**What this task involves:** Nothing but the lines below from the one holding "Jones New York" up to and including the one holding "Cocina de Casa" should be copied, exactly and without pictures.

**Available records:**
►

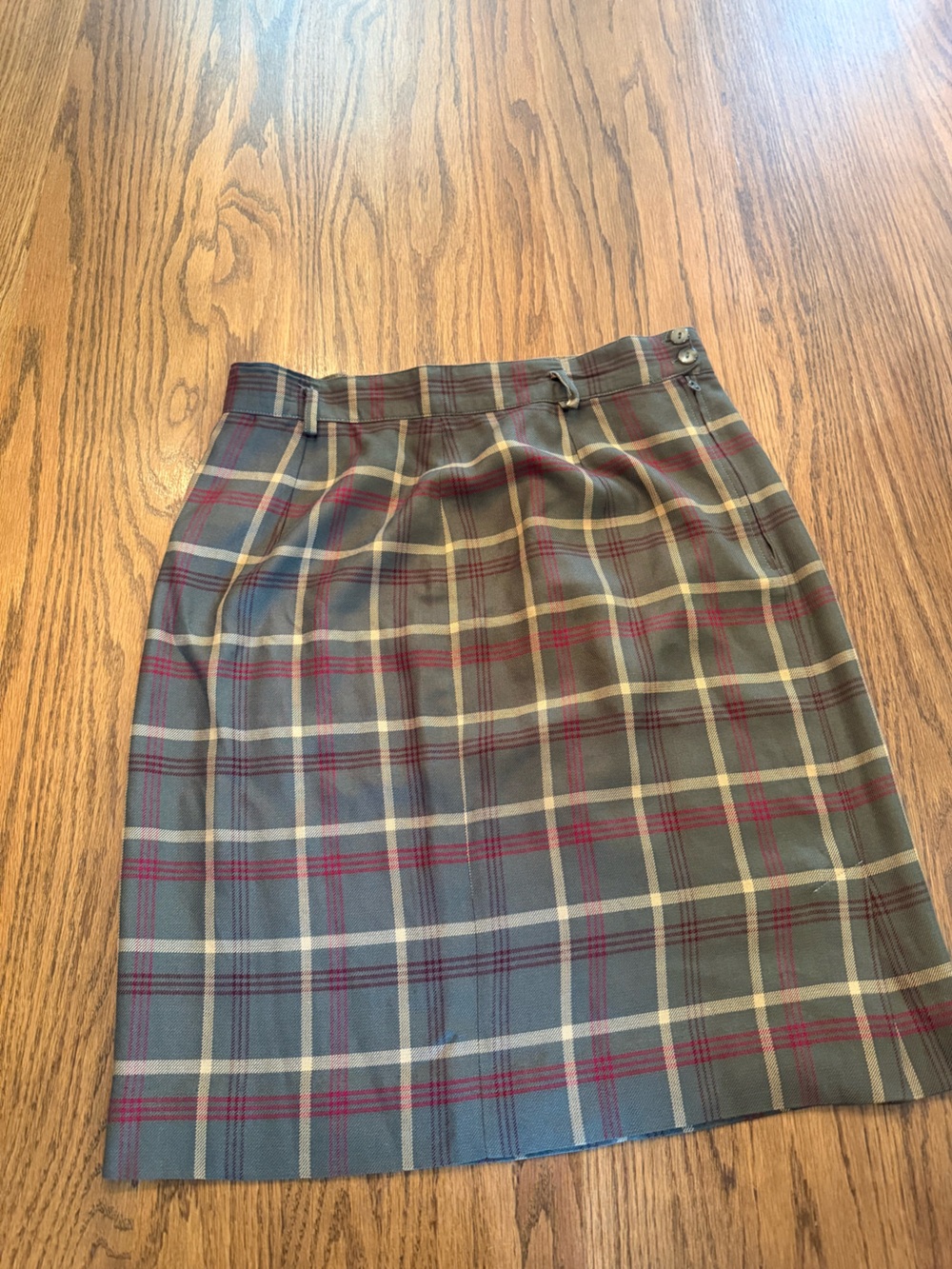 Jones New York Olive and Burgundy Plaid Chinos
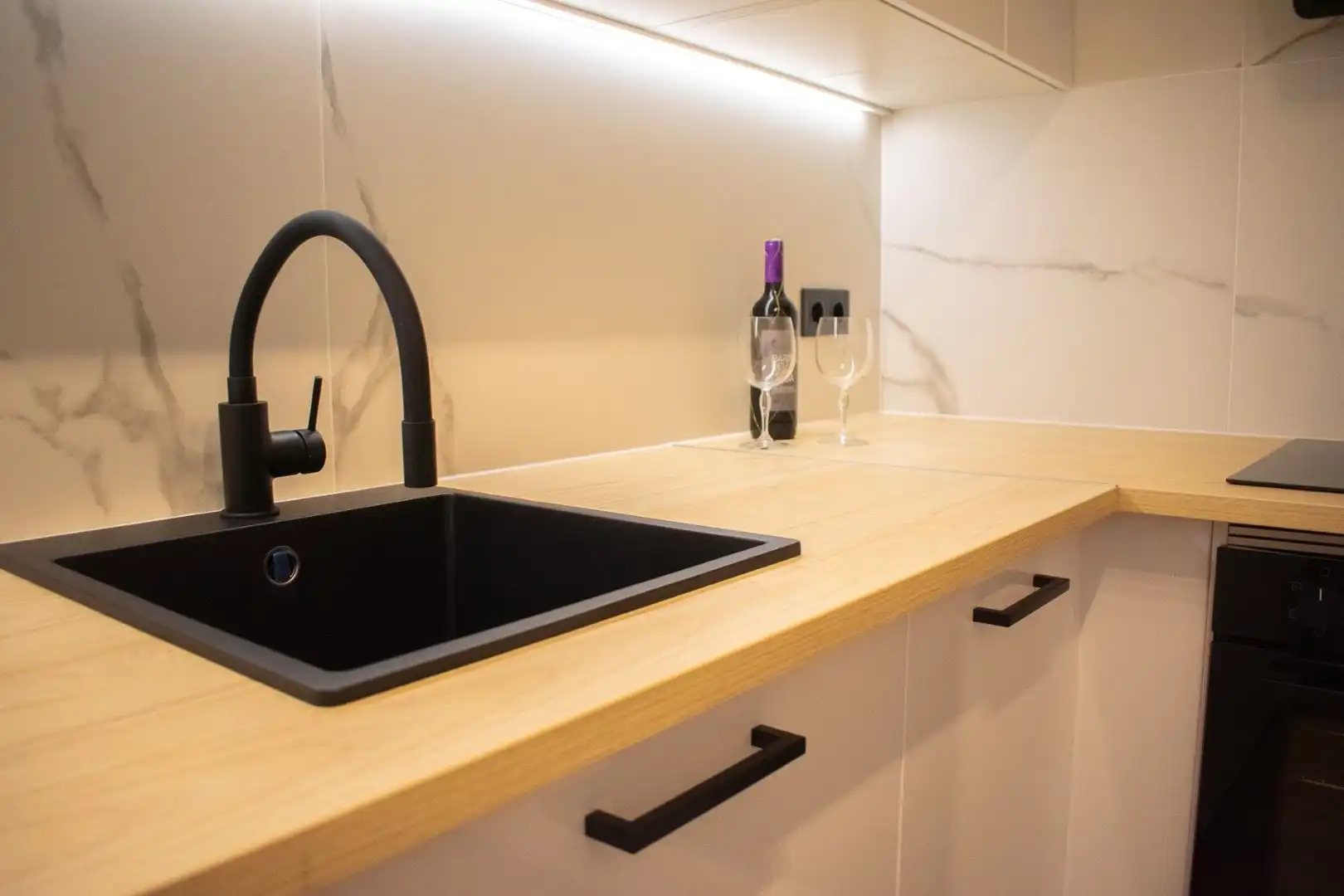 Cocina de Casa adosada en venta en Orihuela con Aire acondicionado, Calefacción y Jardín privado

◄
►

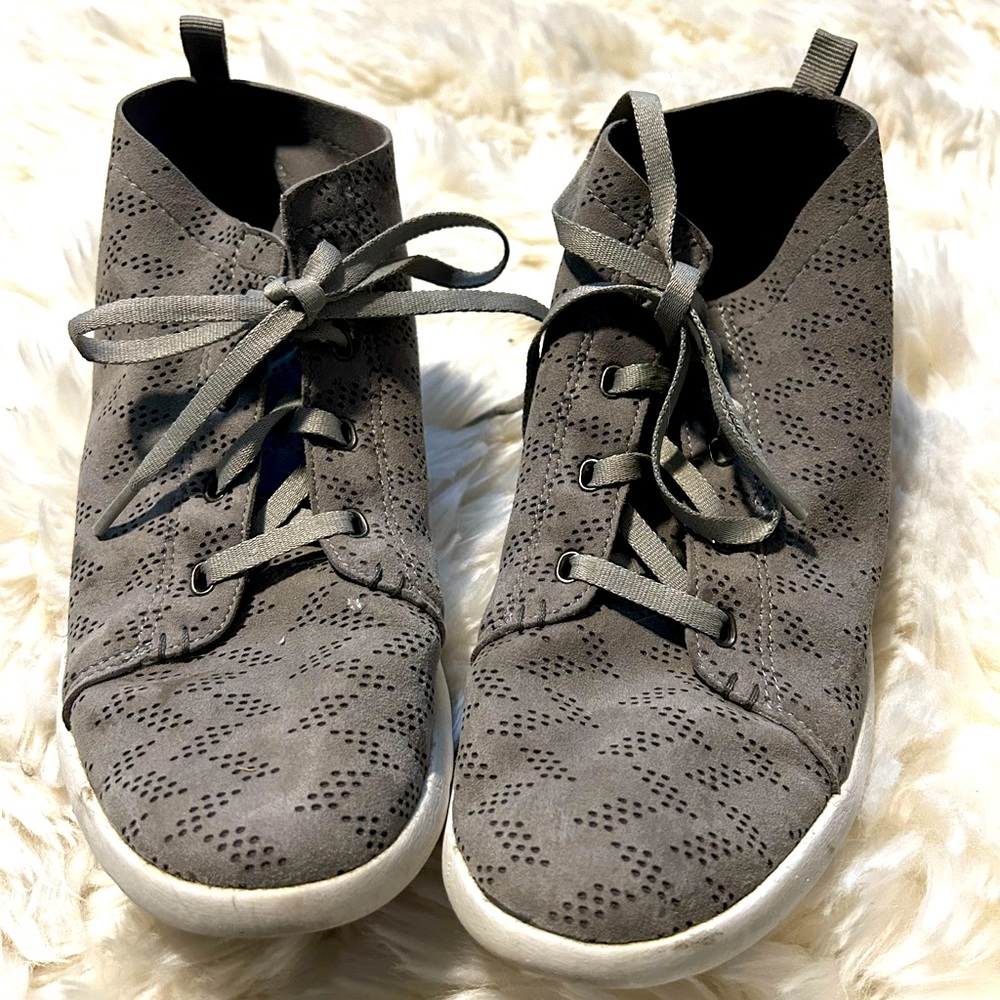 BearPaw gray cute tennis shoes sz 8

◄

**Answer for this exercise:**
 Jones New York Olive and Burgundy Plaid Chinos
 Cocina de Casa adosada en venta en Orihuela con Aire acondicionado, Calefacción y Jardín privado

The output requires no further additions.